"""

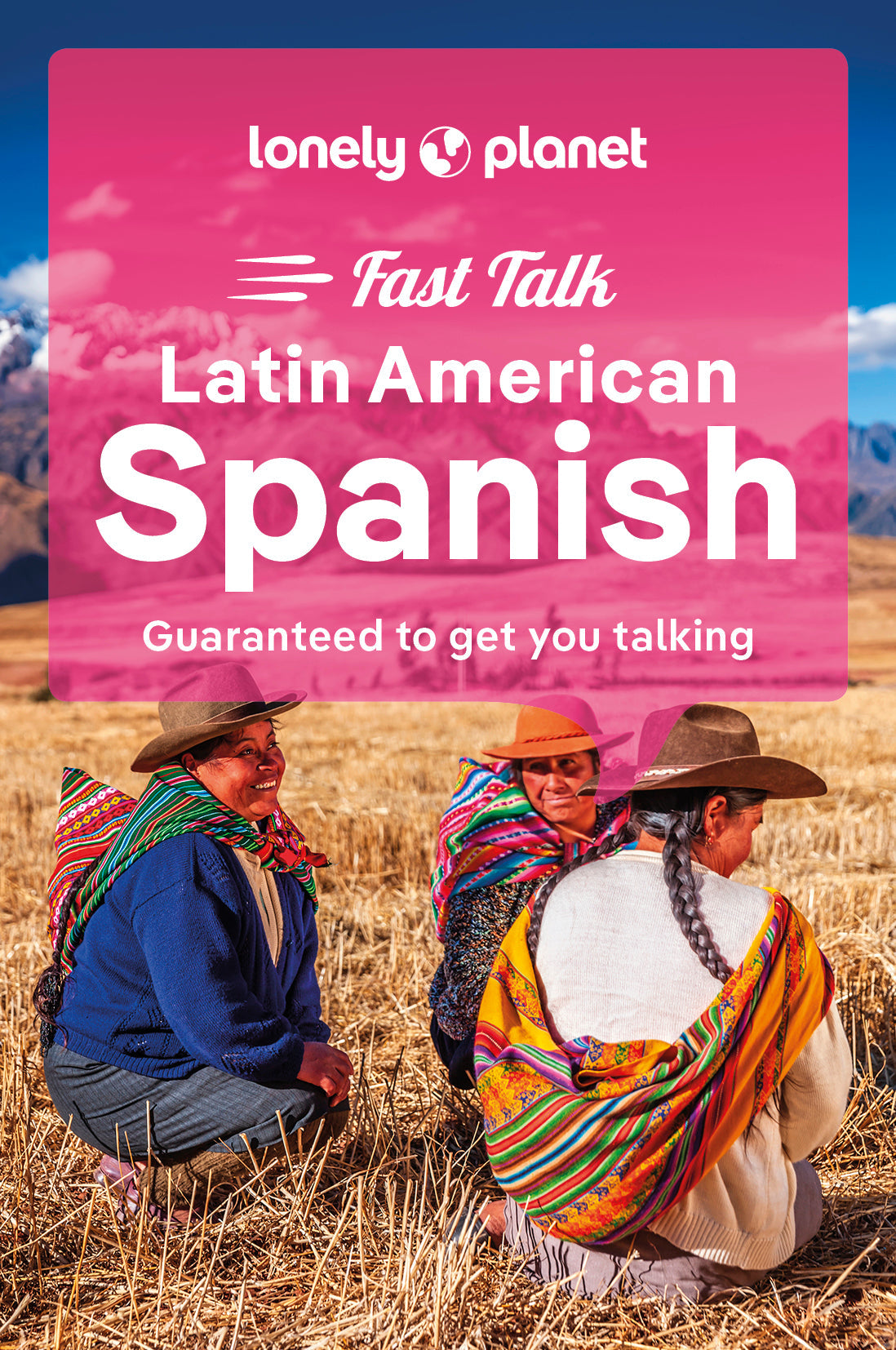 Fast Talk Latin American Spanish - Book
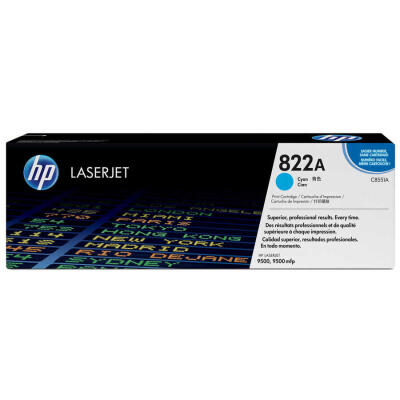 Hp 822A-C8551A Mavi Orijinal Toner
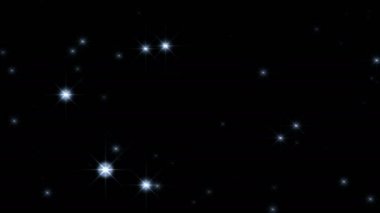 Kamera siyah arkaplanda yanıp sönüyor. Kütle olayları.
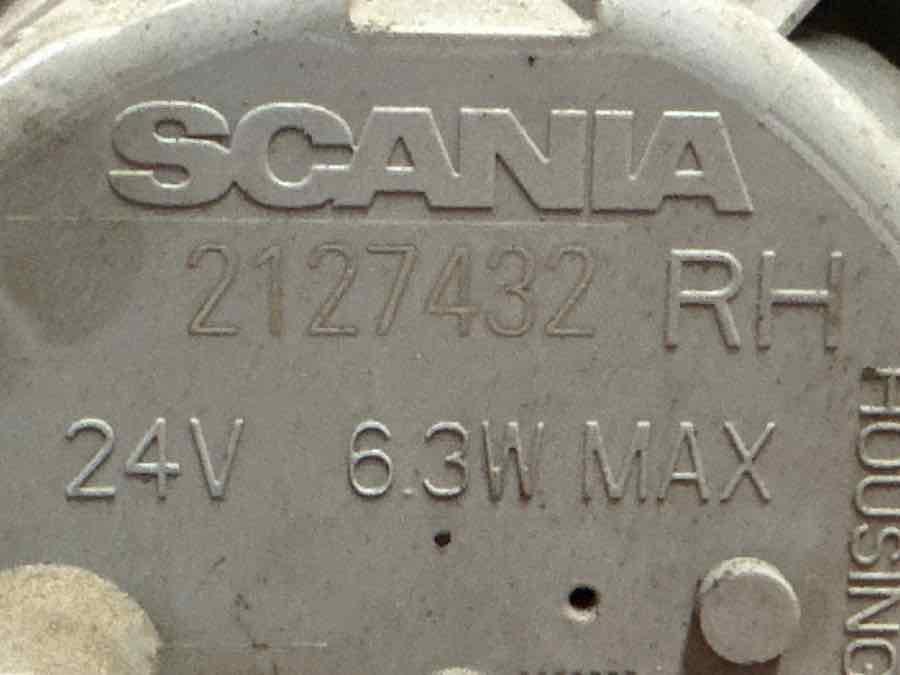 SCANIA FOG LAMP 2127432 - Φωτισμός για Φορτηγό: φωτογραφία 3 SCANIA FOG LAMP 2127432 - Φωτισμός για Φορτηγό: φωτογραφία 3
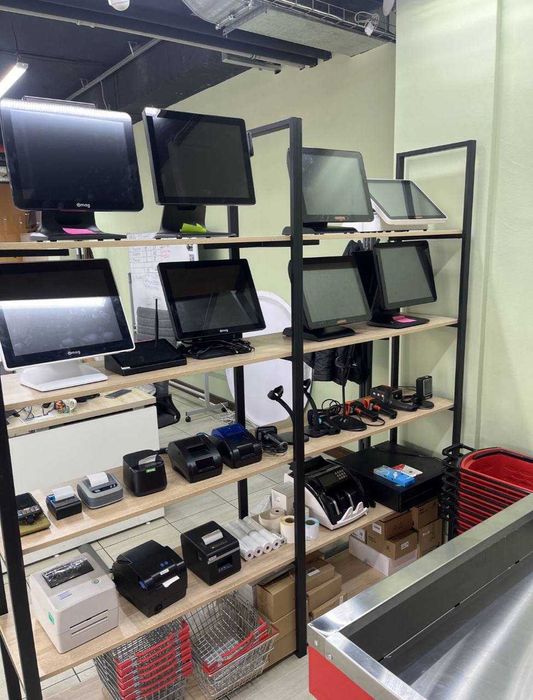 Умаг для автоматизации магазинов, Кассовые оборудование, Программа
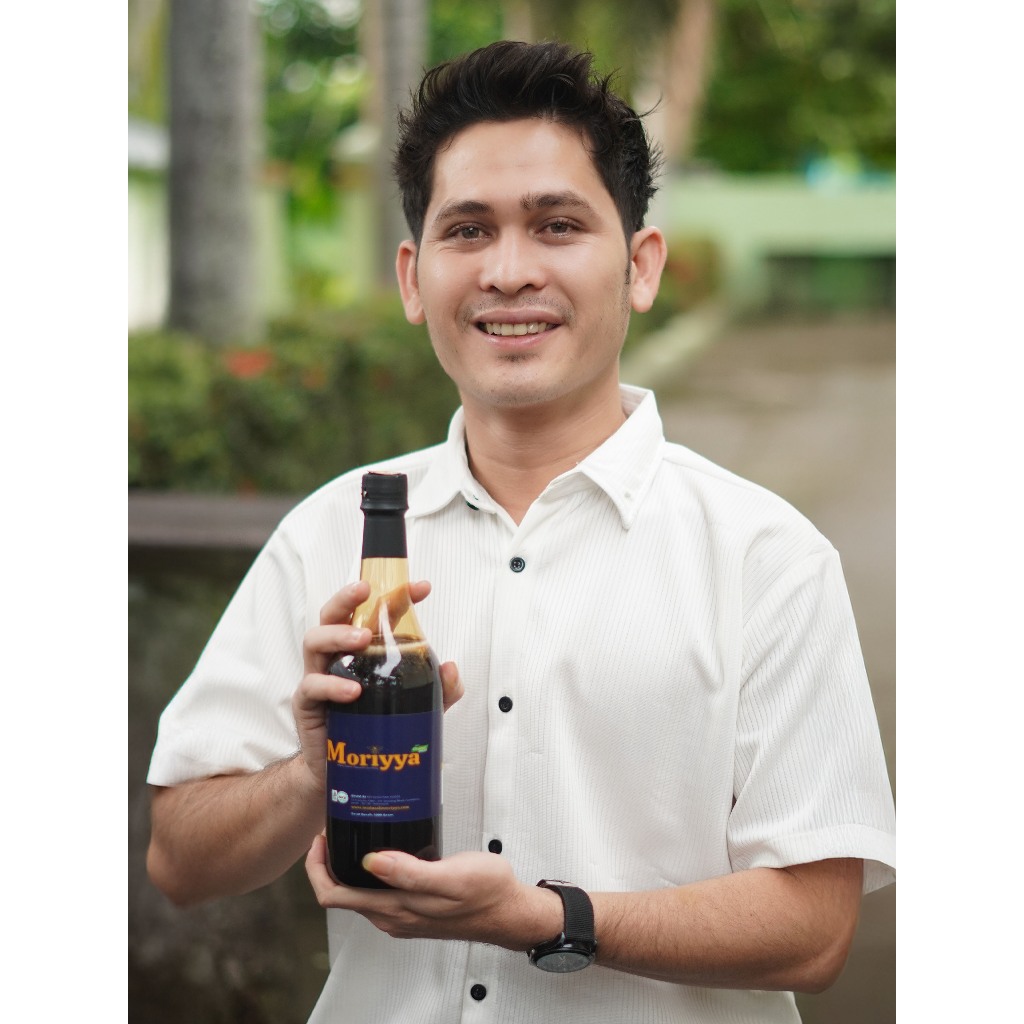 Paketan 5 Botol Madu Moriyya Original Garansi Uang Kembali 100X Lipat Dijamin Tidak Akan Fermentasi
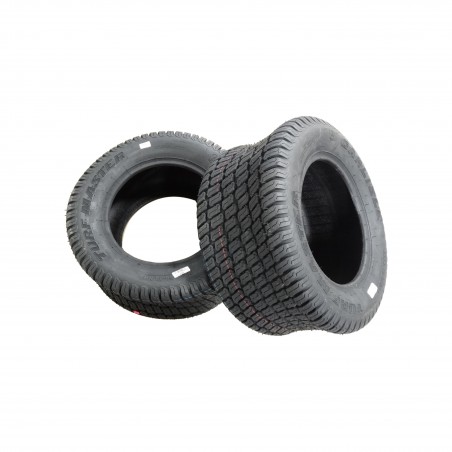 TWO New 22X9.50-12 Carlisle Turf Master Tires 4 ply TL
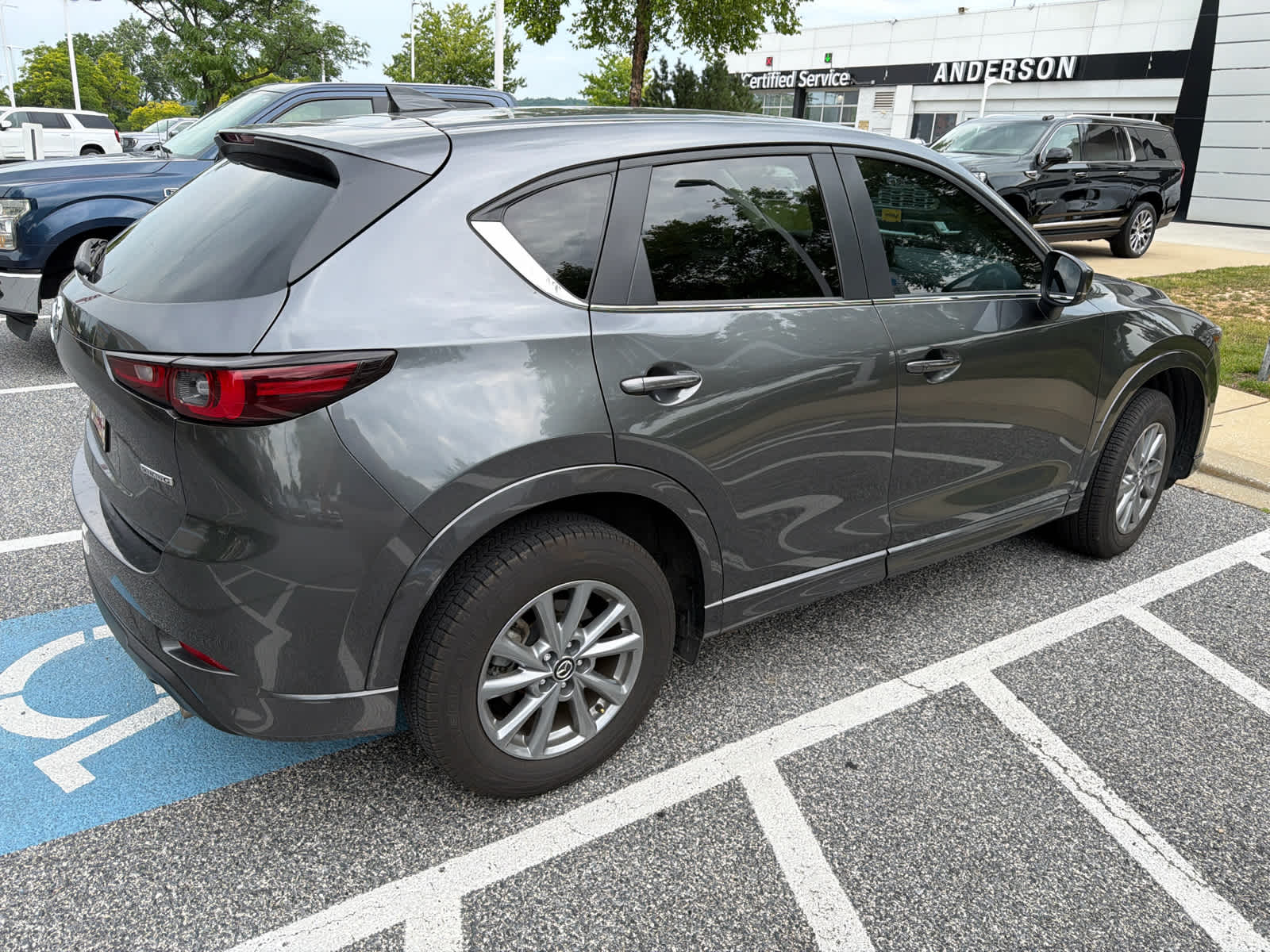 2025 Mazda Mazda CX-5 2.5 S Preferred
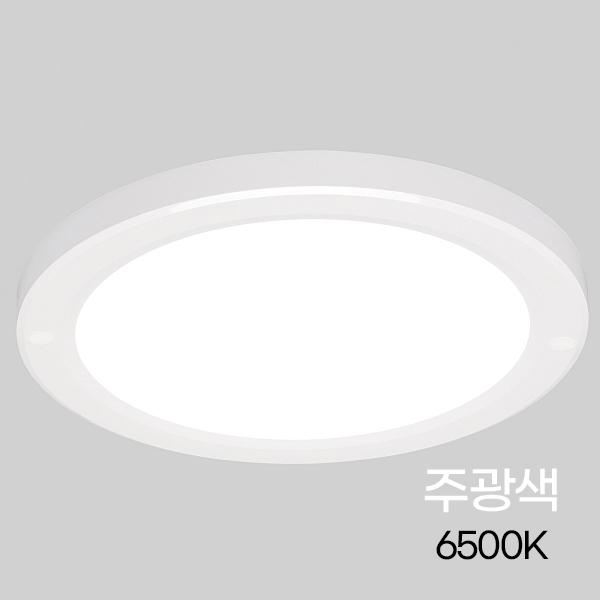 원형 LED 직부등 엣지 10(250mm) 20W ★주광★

"""

### Task
The copy must match the listing above exactly, except that it holds no pictures.

### Task output
 Fast Talk Latin American Spanish - Book
 Hp 822A-C8551A Mavi Orijinal Toner
 Kamera siyah arkaplanda yanıp sönüyor. Kütle olayları.
 SCANIA FOG LAMP 2127432 - Φωτισμός για Φορτηγό: φωτογραφία 3 SCANIA FOG LAMP 2127432 - Φωτισμός για Φορτηγό: φωτογραφία 3
 Умаг для автоматизации магазинов, Кассовые оборудование, Программа
 Paketan 5 Botol Madu Moriyya Original Garansi Uang Kembali 100X Lipat Dijamin Tidak Akan Fermentasi
 TWO New 22X9.50-12 Carlisle Turf Master Tires 4 ply TL
 2025 Mazda Mazda CX-5 2.5 S Preferred
 원형 LED 직부등 엣지 10(250mm) 20W ★주광★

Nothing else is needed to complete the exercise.